[Provided material — start]

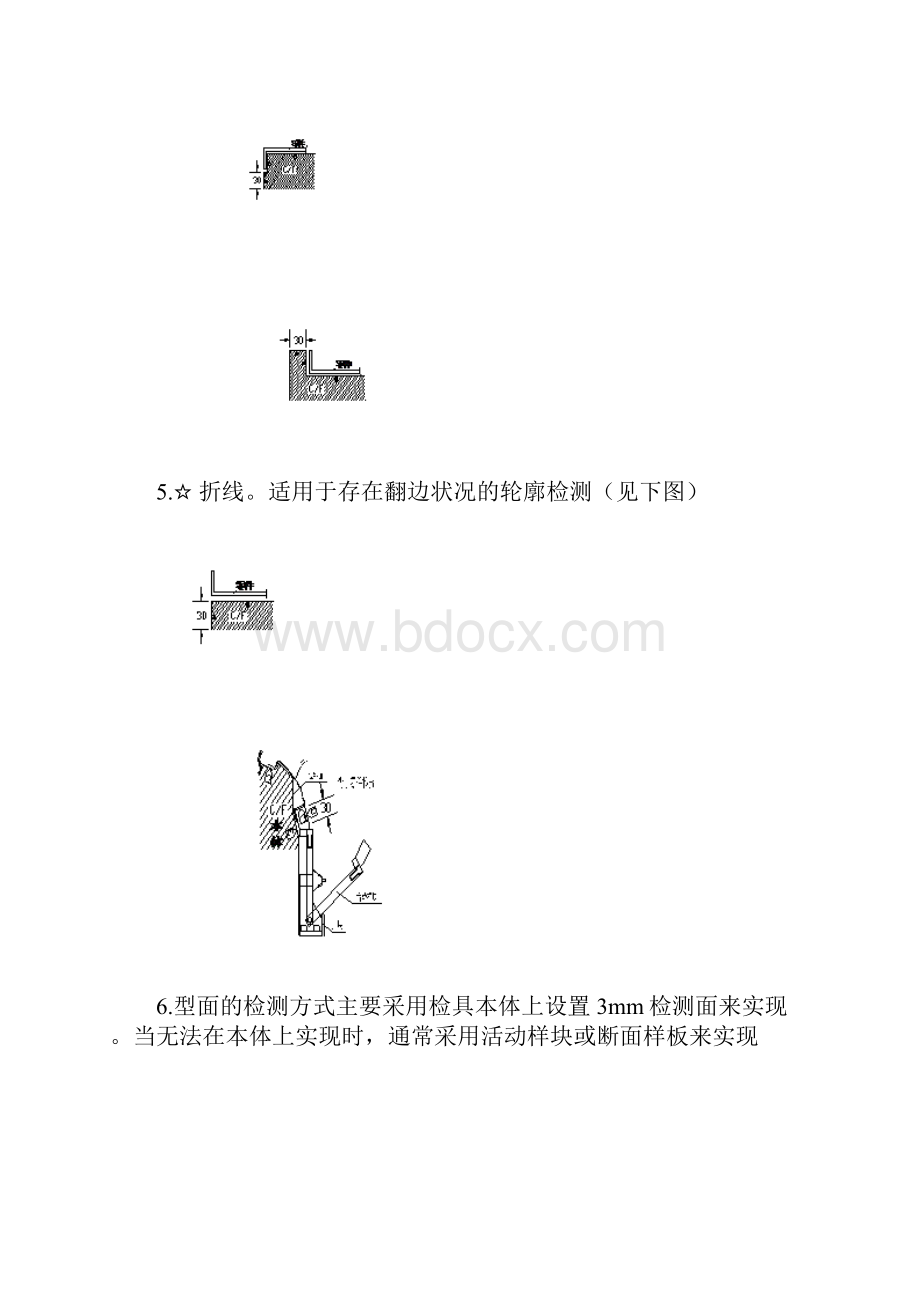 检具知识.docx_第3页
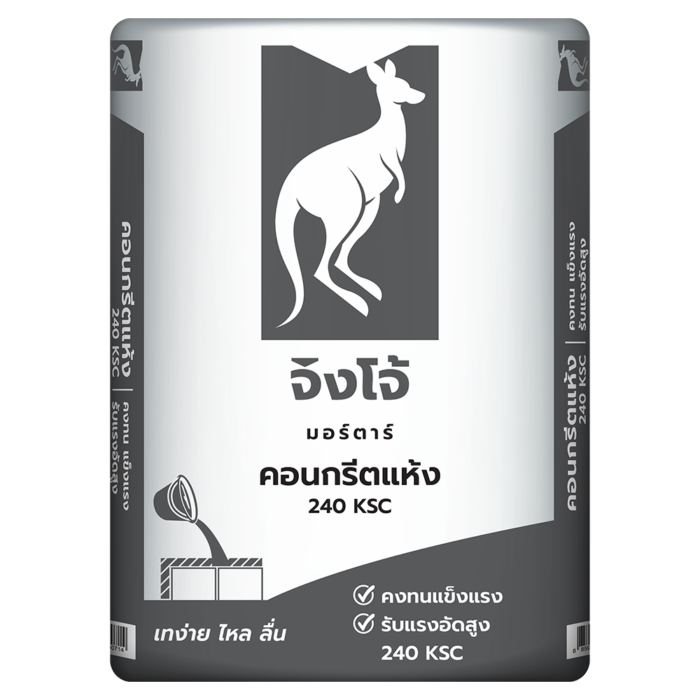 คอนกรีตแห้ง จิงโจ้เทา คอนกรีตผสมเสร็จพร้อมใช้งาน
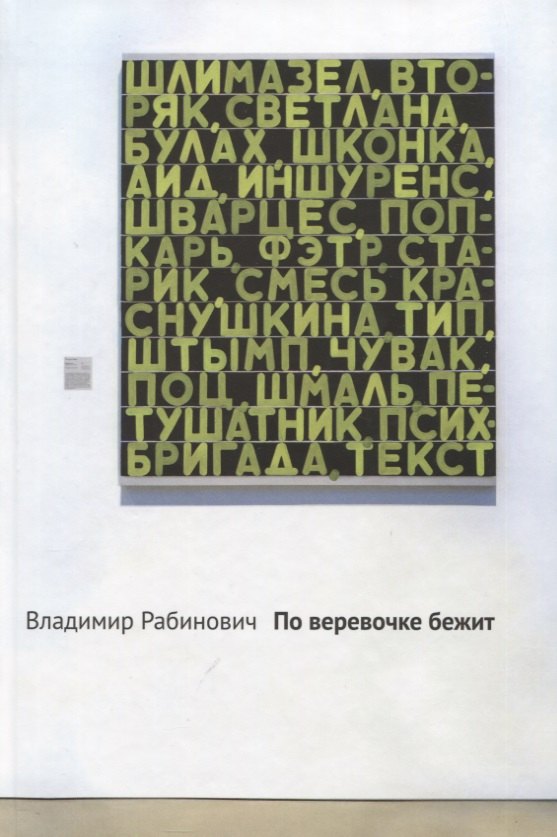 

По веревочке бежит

[Provided material — finish]

> _Assignment_
What is needed is the data above, retyped exactly, with every picture left out.

> _Response to this task_
 检具知识.docx_第3页
 คอนกรีตแห้ง จิงโจ้เทา คอนกรีตผสมเสร็จพร้อมใช้งาน

По веревочке бежит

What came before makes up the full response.